[Items from a data source]
++++

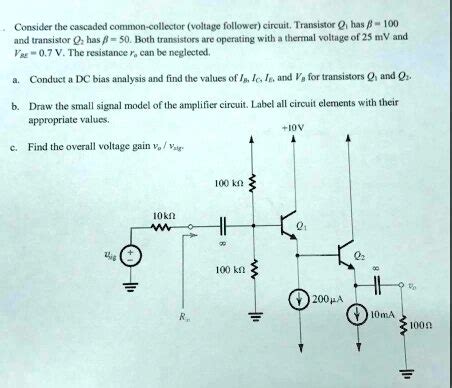 SOLVED Consider The Cascaded Common Collector Voltage Follower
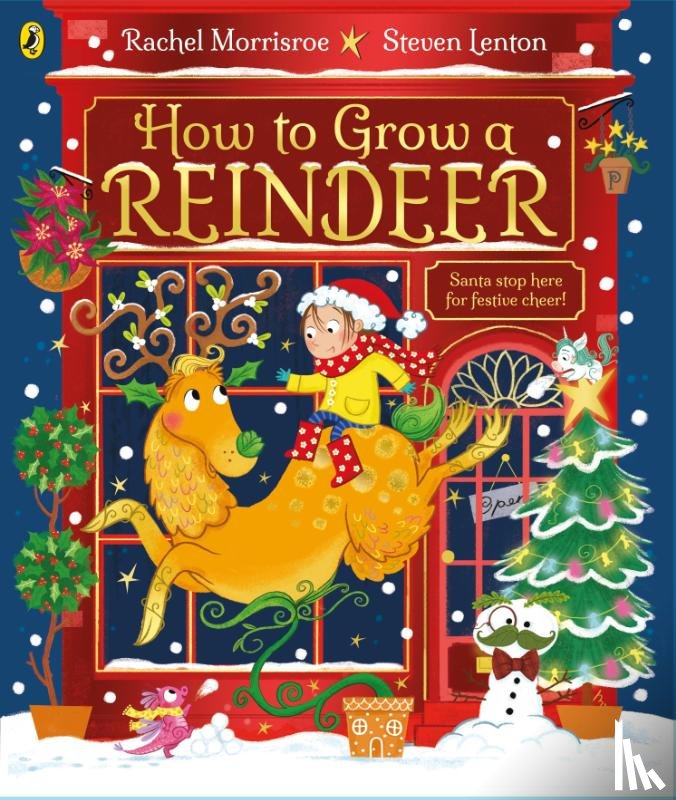 Morrisroe, Rachel - How to Grow a Reindeer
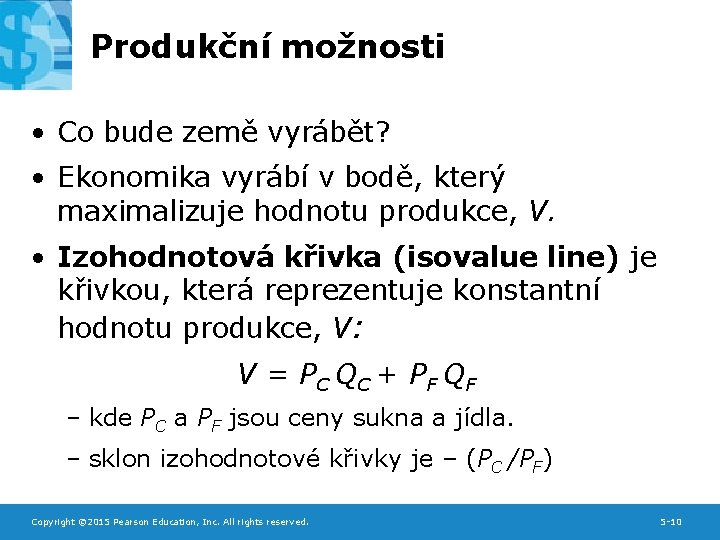 Produkční možnosti • Co bude země vyrábět? • Ekonomika vyrábí v bodě, který maximalizuje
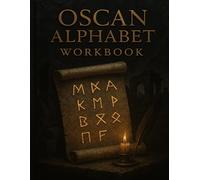 Oscan Alphabet Workbook: Learn the Ancient Italic Script Through Tracing and Practice: A beginner-friendly tracing guide to mastering the Oscan script with practice pages and historical insights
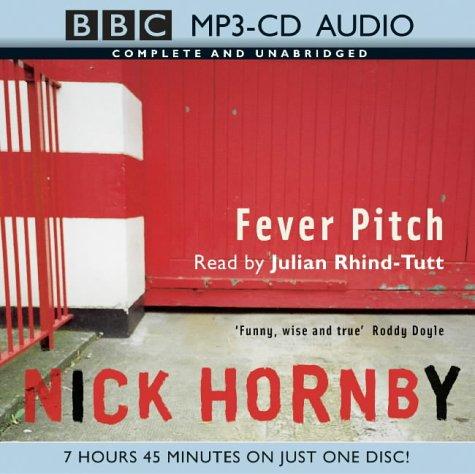 Nick Hornby: Fever Pitch (AudiobookFormat, 2004, BBC Audiobooks)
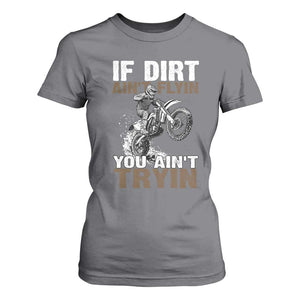 Dirt Bike T Shirt For Women If Dirt Ain't Flyin You Ain't Tryin TS09 Charcoal Print Your Wear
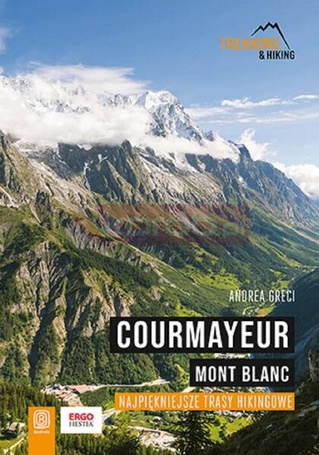 Courmayeur. Mont Blanc. Najpiękniejsze trasy...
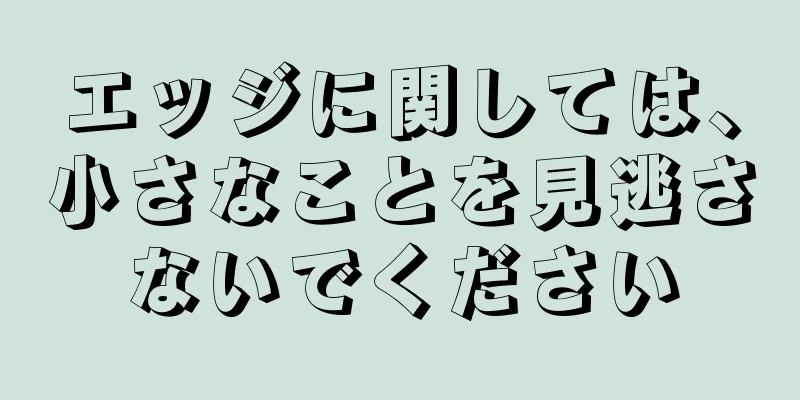 エッジに関しては、小さなことを見逃さないでください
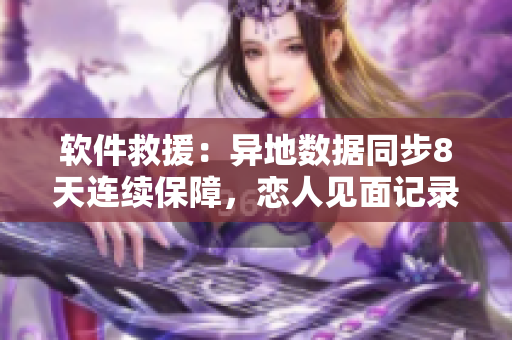 软件救援：异地数据同步8天连续保障，恋人见面记录不会丢失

++++

*Exercise objective*
Reproduce only the lines from the first line of the entries through the line containing "Produkční možnosti •", exactly and with both ends kept. Omit the pictures.

*Result below*
 SOLVED Consider The Cascaded Common Collector Voltage Follower
 Morrisroe, Rachel - How to Grow a Reindeer
 Produkční možnosti • Co bude země vyrábět? • Ekonomika vyrábí v bodě, který maximalizuje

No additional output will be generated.